Sino-U.S. clash is a great power competition, not ‘Cold War II’

BY RAMESH THAKUR

CHINA – In the Trump administration’s most substantial foreign policy speech thus far, delivered at the Hudson Institute on Oct. 4, Vice President Mike Pence accused China of a “whole-of-government” attack on U.S. interests and vowed the United States will respond with robust countermeasures.

Pence leveled three charges. First, “Beijing is … using political, economic and military tools, as well as propaganda, to advance its influence and benefit its interests” in the U.S., including efforts to influence and interfere in domestic U.S. politics.

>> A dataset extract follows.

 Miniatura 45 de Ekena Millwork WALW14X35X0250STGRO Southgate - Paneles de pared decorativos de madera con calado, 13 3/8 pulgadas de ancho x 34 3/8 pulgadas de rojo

Second, although much of the ninefold growth of China’s economy had been powered by U.S. investment and markets, China had used “an arsenal of policies … including tariffs, quotas, currency manipulation, forced technology transfer, intellectual property theft and industrial subsidies” to build its manufacturing base at U.S. expense.

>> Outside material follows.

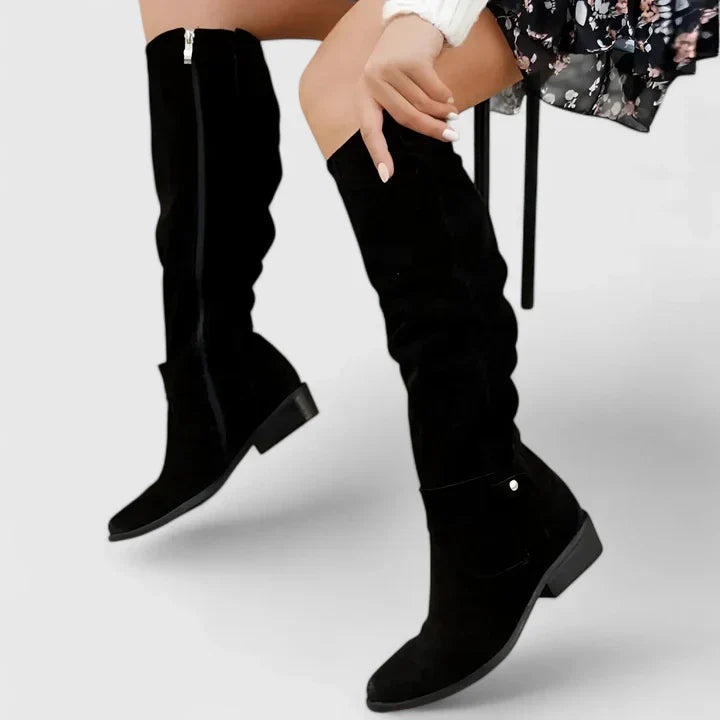 Quinn - Knee-High Boots-15548991111541-Nancy & Mae Savannah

Third, determined to push the U.S. out of the Western Pacific and stop it from coming to the aid of allies, “Beijing has prioritized capabilities to erode America’s military advantages on land, at sea, in the air and in space.” America “will not be intimidated” and will prevail against Chinese malfeasance, Pence concluded.

Coming on top of the still-building trade war, Pence’s somber declaration has been widely interpreted as heralding the launch of “Cold War II.” This conceptualization is deeply flawed on five critical dimensions that defined the Cold War. It was a transcendental rivalry in which the U.S. and Soviet Union were engaged in a cold fight-to-the-death of each other’s political ideology, economic model and global power aspirations. The current China-U.S. rivalry is an old-fashioned, great power competition.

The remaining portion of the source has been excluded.